Planning and Design Stages and Terms

Typically, projects are broken down into the following stages*:
Concept design, Planning and programming (10% design): Initial project planning, conceptual planning, and determination of overall project and design requirements. This stage seeks to determine, inexpensively, and typically using “paper” resources only, what the overall project design will be. This may entail building and site layouts seeking to determine general overall characteristics and scale so that per sq.ft. costs can be determined in a project cost analysis. The deliverables are generally not suitable for construction or permits, but only to aide in the development of further engineering and design.
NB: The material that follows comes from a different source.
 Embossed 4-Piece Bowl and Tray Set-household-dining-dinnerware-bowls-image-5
Our goal at this stage is to determine if the project is feasible, or, if its infeasible and to determine that with this minimum potential outlay of resources. If you need to examine 3 potential project sites to determine the best location for a potential project, a conceptual design analysis may provide the right mix of cost and timeliness.

Master Planning / Schematic Design (50%): This phase builds upon the conceptual design to further the design, so that key features and relationships take shape. This may entail the layout of roadways, parking areas, buildings, general utility placement and stormwater features in the case of civil design, or the layout of floor plans and elevations in the architectural design. Existing conditions analysis (surveys, soil evaluations, borings, structural assessments or environmental analysis) are performed and utilized in the design guidance. Again, at this stage, the deliverables are typically not suited for permitting, or final construction budgeting, but will allow for more pointed construction costs estimates to be prepared, and for in-kind changes to be accepted without major redesign effort and fees.
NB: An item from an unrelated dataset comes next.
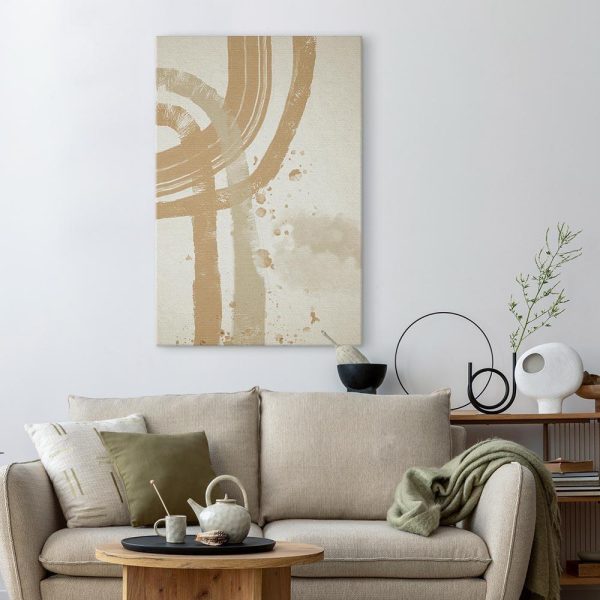 Canvas Print - Beige Minimalism (1 Part) Vertical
Construction Drawings (100%): This phase, is where the precise elements of a project are laid out and detailed. Using a building, for example, this is the point where floor plans are typically dimensioned, window and door schedules are finalized, detailed, dimensioned, cross sections and elevation (or 3D models) are provided, as well as final materials. Sub-assemblies or discipline services (Mechanical, Electrical and Plumbing (MEP), Structural designs, etc.) are typically provided. In terms of land development, all building layout specifications, elevations, and heights are detailed, as well as utility designs (including septic/sanitary, stormwater/drainage), roadway, paving and surfacing designs, as well as landscape designs are provided.
* In the case of subdivisions and land development, especially with respect to municipal permitting, these design phases are typically entitled Concept (10%), Master (50%), Preliminary (90%), and Final (100%). In this realm, State Permitting (RIDEM, RICRMC, DEP, DOT, etc.) is typically performed after the Master phase has been approved, and is required prior to filing of the Preliminary applications.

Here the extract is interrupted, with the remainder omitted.